Es mag heuchlerisch erscheinen, wenn ich das sage, da ich etwas Ähnliches machte. Ich war aber nicht Kurier geworden, um zwischen den Sternensystemen zu reisen – um der Reise selbst. Ich wollte vielmehr die Menschen an jedem Zielort kennenlernen, ihre Bräuche, mich vor ihren Mahlzeiten ekeln, auf ihren Partys unbeholfen tanzen und über ihre Witze lachen.
Frustriert und frierend, ohne die Möglichkeit Senet Mehen zu erreichen, starrte ich auf den Puzzleturm auf dem Tisch. Die gezackten, fraktalartigen Teile sollten sich eigentlich dreidimensional zusammenfügen lassen und eine hölzerne Skulptur ergeben. Für sich genommen schienen die Teile unmöglich zuordenbar zu sein. Ich hatte schon Mobi-Puzzle zusammengesetzt, als ich ein junges Mädchen war, aber bei denen gab es immer ein Bild, das als Vorlage diente. Bei diesem Puzzle schien es kein vorgefasstes Ergebnis zu geben. Die verrückt ineinandergreifenden Teile mussten auf scheinbar zufällige Weise zusammengefügt werden, um die endgültige Form zu bilden. Als einzige Hinweise, die der Erfinder gegeben hatte, waren hauchdünne Umrisslinien auf den einzelnen Teilen zu sehen.

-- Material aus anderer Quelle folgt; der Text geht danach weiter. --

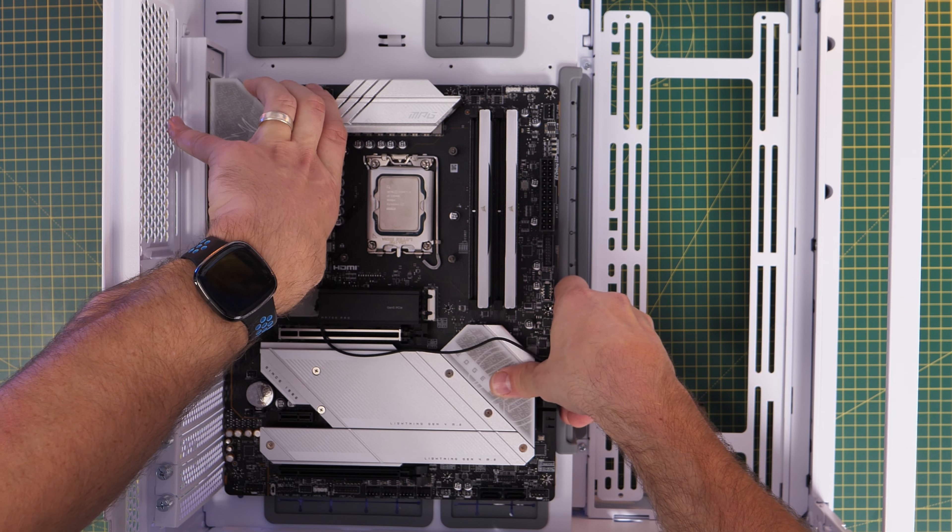Press that BIOS button until you see a little red LED flashing from around that port. It can take up to five minutes or more. Keep an eye on the flashing light and the system in general, because your PC may turn on and off by itself during the update process — it may go through cycles of powering up and powering down. Don't cut power at the wall; let it go through the full process and be very patient.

Ich war beileibe kein Rätselexperte und plötzlich war ich sehr überrascht, dass Senet Mehen nicht in der Lage war, dieses Rätsel zu lösen, wenn es, wie er sagte, nur einen mittleren Schwierigkeitsgrad hatte. Das brachte mich zum Nachdenken: Was wäre, wenn es nicht die Fähigkeit zum Lösen von Problemen erforderte, sondern etwas, das Senet Mehen fehlte?

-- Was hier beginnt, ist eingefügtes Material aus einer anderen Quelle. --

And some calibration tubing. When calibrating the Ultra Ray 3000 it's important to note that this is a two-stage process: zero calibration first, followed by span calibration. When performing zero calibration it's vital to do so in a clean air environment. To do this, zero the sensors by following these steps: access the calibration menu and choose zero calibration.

Ich wusste nicht, wie viel Zeit ich hatte, bis wir den Magnus-Sprungpunkt erreichen würden, aber wenn ich das Rätsel bis dahin lösen konnte, hatte ich eine Chance. Ich fing schnell an, die Teile zu ordnen und versuchte zu verstehen, wie sie zusammenpassten. Zuerst versuchte ich, die geometrischen Formen zuzuordnen, beendete das aber wieder, da Senet Mehen das wahrscheinlich auch schon versucht hatte. Also brauchte ich mir nicht die Mühe gar nicht erst machen. Dieser Gedankengang eliminierte ein paar andere Strategien. Das betraf im Grunde alles, was mit Geometrie, Physik oder Mathematik zu tun hatte. Auf jedem Stück waren mit Tinte gezeichnete Linien zu sehen, die mich an die Umrisse einer Landkarte erinnerten. Das stimulierte mein Gedächtnis, aber ich konnte nicht erkennen, was sie insgesamt darstellten. Jeder Abschnitt war so schmal, dass er nicht genügend Informationen lieferte. Anstatt die einzelnen Stücke zu betrachten, dachte ich darüber nach, was sie darstellen könnten – etwas, das Senet Mehen übersah. Als ich mein Spiegelbild auf dem hochglanzpolierten Tisch erblickte, wusste ich die Antwort plötzlich: Gesichter.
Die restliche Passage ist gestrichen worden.